All my nylon bags were in use dry hopping homemade beer, and I was fresh out of brewing buckets too. I just opted to use my wide mouth glass jar fermenter jar, which is a little small for the task. Ideally, your primary fermenter would be at least 2 gallons to accommodate a vigorous fermentation.
I used 3 pineapples average-sized pineapples, which would have yielded around 10 cups…but I included the pineapple cores. Most of the recipes have you remove those, but that’s not really necessary.
I use the cores as a source of juice when I’m canning pineapple, and I know they taste great. They’re tough and fibrous but have great flavor and they’ll be filtered out of the finished wine so the texture isn’t really an issue.
It mostly filled the 1-gallon wide mouth carboy.
Next, fill a pot with about 3 quarts of water and bring it to a boil on the stove. Add the sugar and stir to dissolve, then remove from heat.
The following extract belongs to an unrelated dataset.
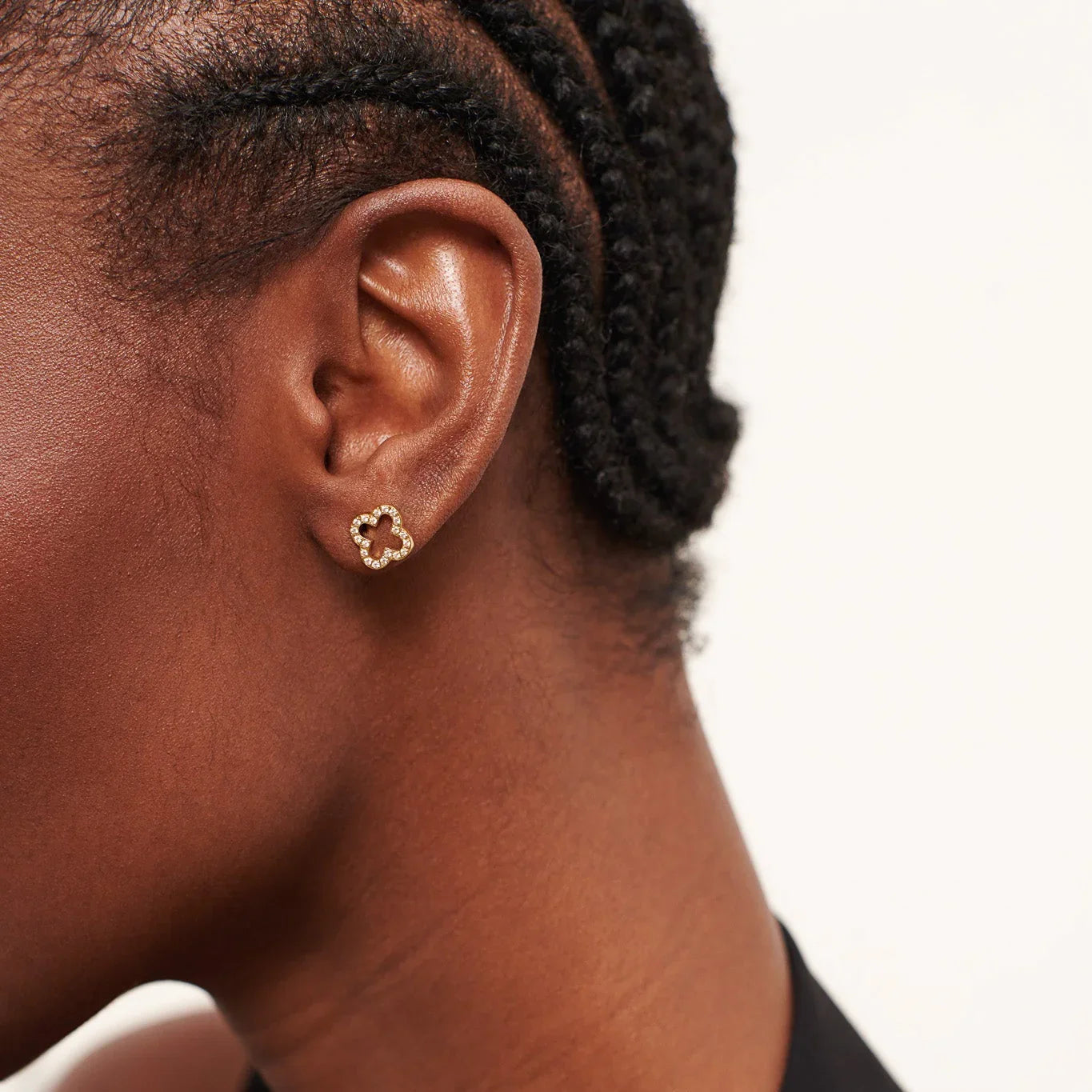 Close-up of woman with braided hair wearing small gold clover-shaped stud earrings with diamonds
Allow the mixture to cool, then pour it over the chopped pineapple in the primary fermenter.
Add the remaining ingredients except the yeast, including yeast nutrient, tannin, acid, and the crushed Camden tablet (if using). The Camden tablet is used to sterilize the ingredients, though it won’t kill everything or make up for bad sanitation. It’s basically to beat back anything that may already be living in the pineapple so the yeast can take hold first.
If you’re using a Camden tablet, allow the mixture to sit for 24 hours before adding the yeast. (If not using a Camden tablet, then simply wait until everything’s cooled to room temperature before adding the yeast.)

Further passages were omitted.